* _Data records_:
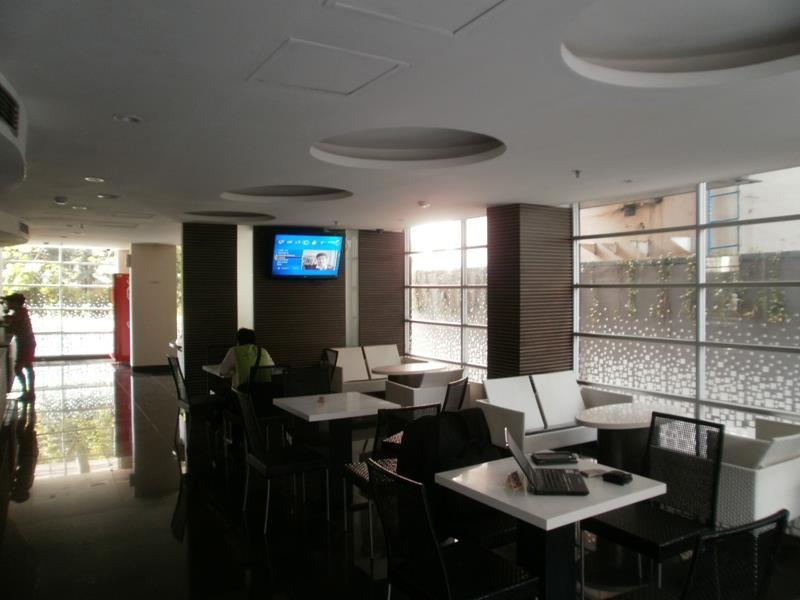 Studio One Thamrin Hotel Jakarta Exterior foto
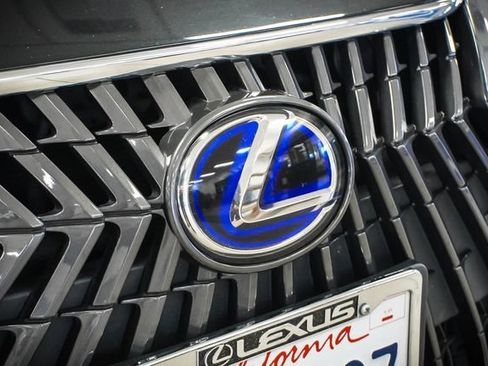 Certified 2022 Lexus ES 300h w/ Premium Package FWD image 28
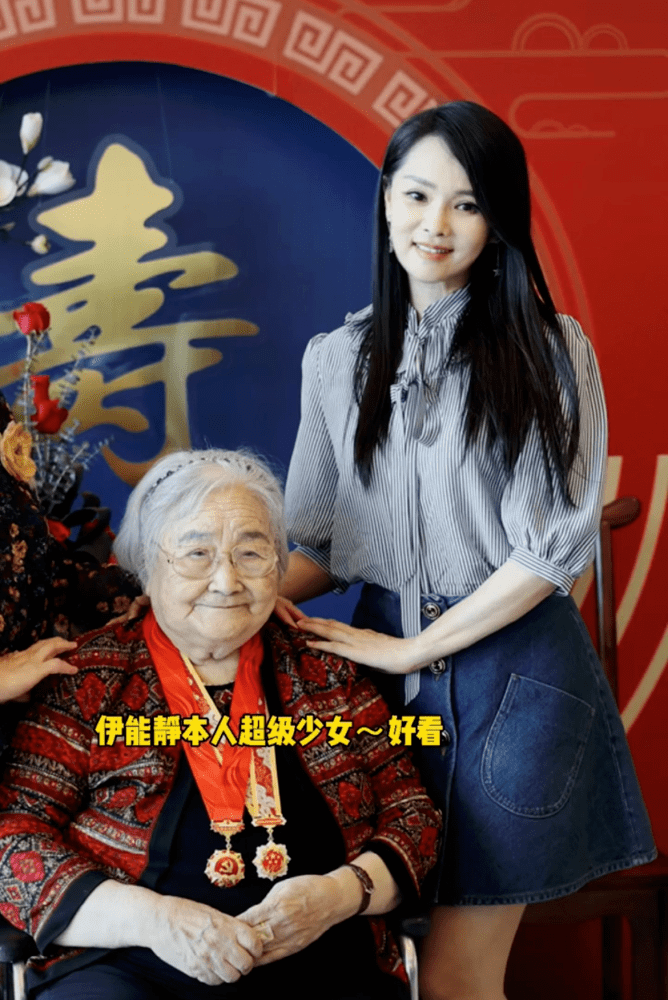 衬衫配牛仔裤清新减龄,与前夫儿子也来了_秦昊_生日_奶奶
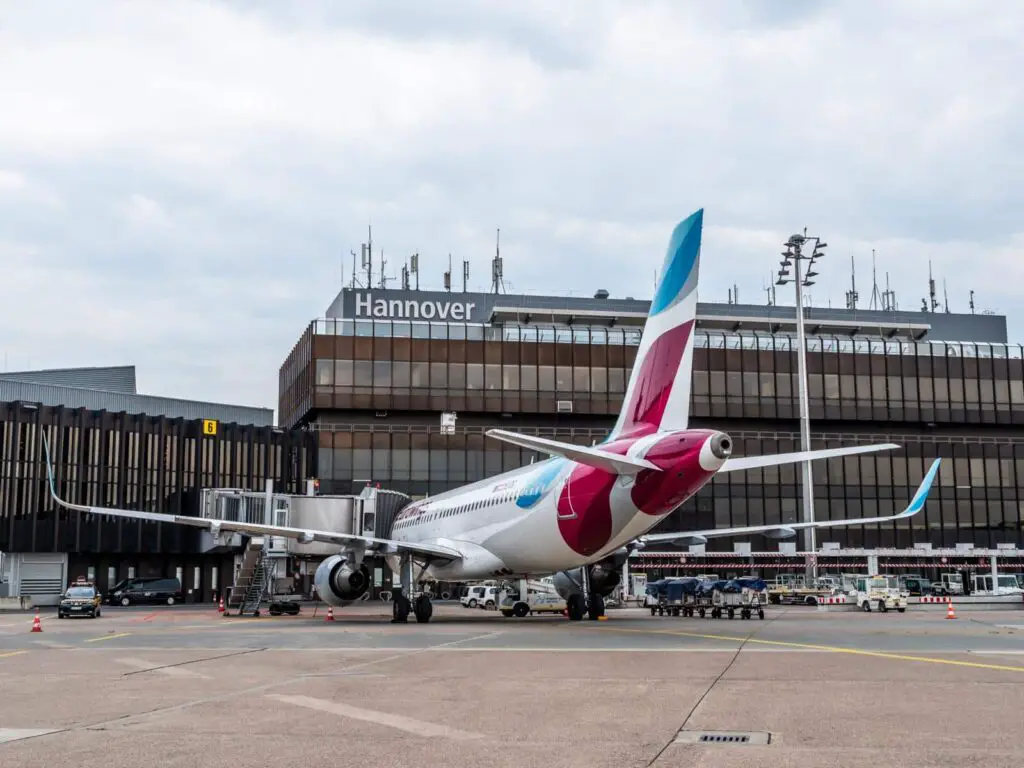 Eurowings expands Summer 2025 flight schedule with new destinations, for the first time to the Azores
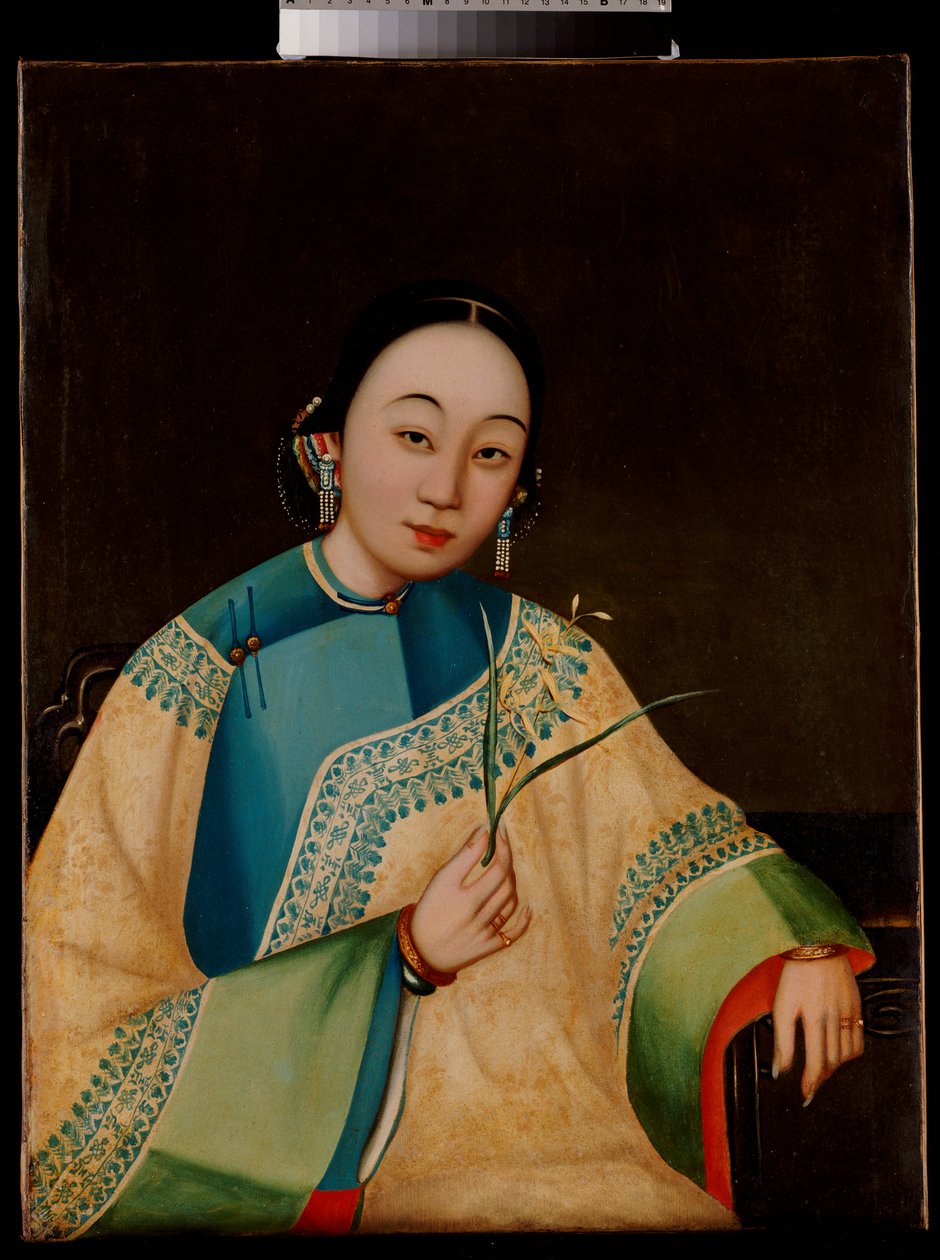 Porträtt av en hovdam, sittande halvlängd i en broderad mantel, håller en blomma, mitten av 1800-talet av Chinese School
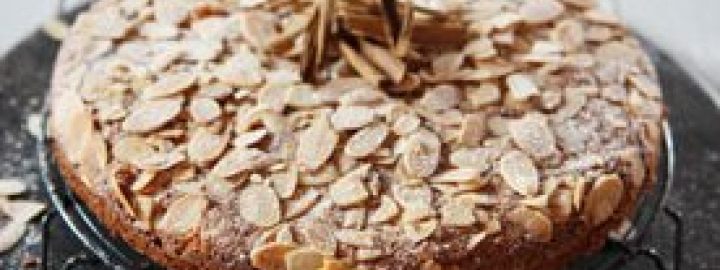 Almond and cinnamon cake | Eggcellentrecipes.com
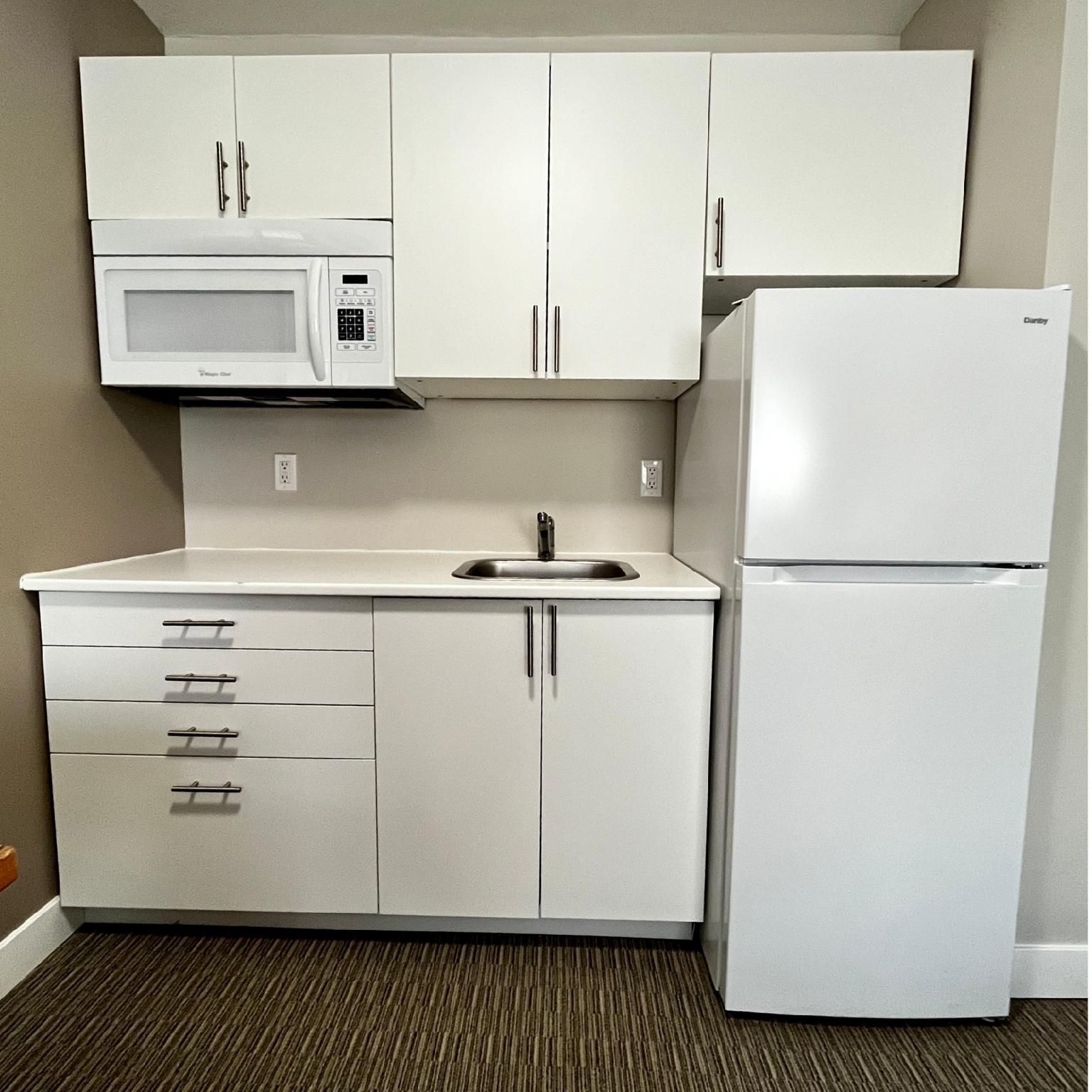 Kitchenette Suite - 1 King Bed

* _Task to complete_: Write out, exactly, the lines of the material from the very first through the line containing "Almond and cinnamon", and leave out every picture.

* _Response_:
 Studio One Thamrin Hotel Jakarta Exterior foto
 Certified 2022 Lexus ES 300h w/ Premium Package FWD image 28
 衬衫配牛仔裤清新减龄,与前夫儿子也来了_秦昊_生日_奶奶
 Eurowings expands Summer 2025 flight schedule with new destinations, for the first time to the Azores
 Porträtt av en hovdam, sittande halvlängd i en broderad mantel, håller en blomma, mitten av 1800-talet av Chinese School
 Almond and cinnamon cake | Eggcellentrecipes.com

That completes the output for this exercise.